Microsoft did say at Win-HEC that it would release a beta version of Memphis by mid-year. Beta versions have been circulated and seem to work well but the final version of Microsoft 98 will have to wait until, well until '98.

Although Microsoft has probably encountered a nest of bugs that it has to squash before it can move Memphis/ Windows 98 to consumer electronics discount superstore shelves, part of the disappointment users have can be laid on the fickleness of the development community itself. When Microsoft and Intel first proposed the earlier-introduced Plug-and-Play concept, some designers pooh-poohed the idea, saying that's a nice gimmick but we don't see any significant benefits to us. Microsoft and Intel had to beat the bushes to drum up support initially, until designers realized how easy Plug-and-Play could make things and began to push for it.

Not so with USB. Having realized the full implications of Plug-and-Play, and impressed with the possibilities of connecting up to 128 peripherals, designers began flocking to the USB banner early on.
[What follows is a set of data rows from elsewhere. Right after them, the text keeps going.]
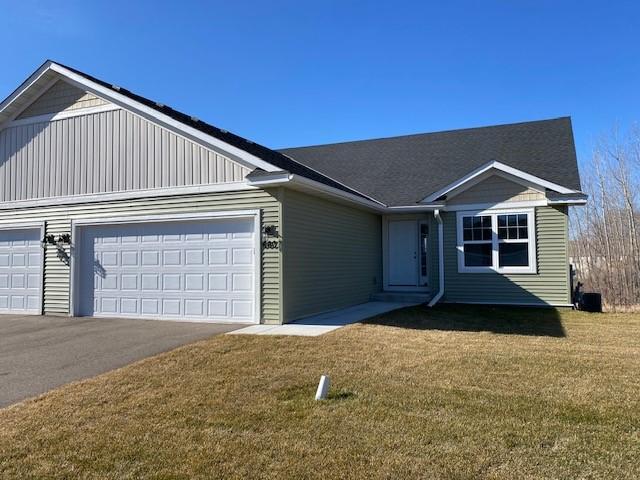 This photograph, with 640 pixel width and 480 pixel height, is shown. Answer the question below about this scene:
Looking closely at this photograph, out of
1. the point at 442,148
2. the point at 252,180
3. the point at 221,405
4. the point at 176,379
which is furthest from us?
the point at 442,148

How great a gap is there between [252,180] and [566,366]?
20.5 feet

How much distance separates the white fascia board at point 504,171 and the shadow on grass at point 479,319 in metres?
3.10

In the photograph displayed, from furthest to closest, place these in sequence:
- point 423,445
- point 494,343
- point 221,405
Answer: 1. point 494,343
2. point 221,405
3. point 423,445

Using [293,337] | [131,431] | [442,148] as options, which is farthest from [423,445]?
[442,148]

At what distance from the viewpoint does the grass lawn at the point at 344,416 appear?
3453 mm

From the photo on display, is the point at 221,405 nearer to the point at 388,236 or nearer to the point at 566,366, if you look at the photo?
the point at 566,366

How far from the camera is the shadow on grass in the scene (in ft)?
30.1

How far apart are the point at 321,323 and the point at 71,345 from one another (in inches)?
174

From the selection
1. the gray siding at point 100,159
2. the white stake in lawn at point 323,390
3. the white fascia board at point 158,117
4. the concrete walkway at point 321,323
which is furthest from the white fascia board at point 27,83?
the white stake in lawn at point 323,390

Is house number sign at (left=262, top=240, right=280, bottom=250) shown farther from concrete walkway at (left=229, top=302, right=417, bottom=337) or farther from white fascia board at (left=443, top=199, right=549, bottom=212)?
white fascia board at (left=443, top=199, right=549, bottom=212)

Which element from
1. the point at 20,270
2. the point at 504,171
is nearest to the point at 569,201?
the point at 504,171

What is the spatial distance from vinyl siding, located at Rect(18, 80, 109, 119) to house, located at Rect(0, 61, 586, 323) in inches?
1.6

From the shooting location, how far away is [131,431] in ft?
13.6

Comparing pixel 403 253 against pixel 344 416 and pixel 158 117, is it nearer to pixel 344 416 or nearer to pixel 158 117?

And that led to USB-mania at Fall Comdex '96. Developers at that time were promising to have peripherals out by mid-'97 in order to meet the strong demand they foresaw. Quite a switch. Now, instead of Microsoft having to drag people kicking and screaming to its new technology, they were beating down the doors to get it. But Microsoft wasn't ready to play because there are other things in Windows 98 like the Win32 Driver Model; OnNow/ACPI which will make PCs more like TVs in that users won't have to wait for the system to boot; 1394 standard communication capability and AGP (advanced graphics port); as well as WDM classes for HID, still image, streaming and audio; DirectX 5.0 and ActiveMovie 2.0; full DVD (digital video disc) support, multi-monitor capability; OSR2 (an OEM service) features such as FAT32, PCI, IRQ, Cardbus and power management and a bunch of other features that have to be integrated.

So it is the fact that there was a rush by peripherals vendors to market and hype something that didn't exist yet that caused us to build our expectations up a bit too high for full implementation of USB.

Industry observers say it WILL be fully implemented by the end of the century though not bad actually for a technology introduced this decade. After all, consider how long the market has been awaiting the arrival of videoconferencing technology. Some of the younger members of the industry can truthfully say they've been hearing about it and waited a lifetime for it. In that light, waiting another year or so for USB doesn't sound so bad after all.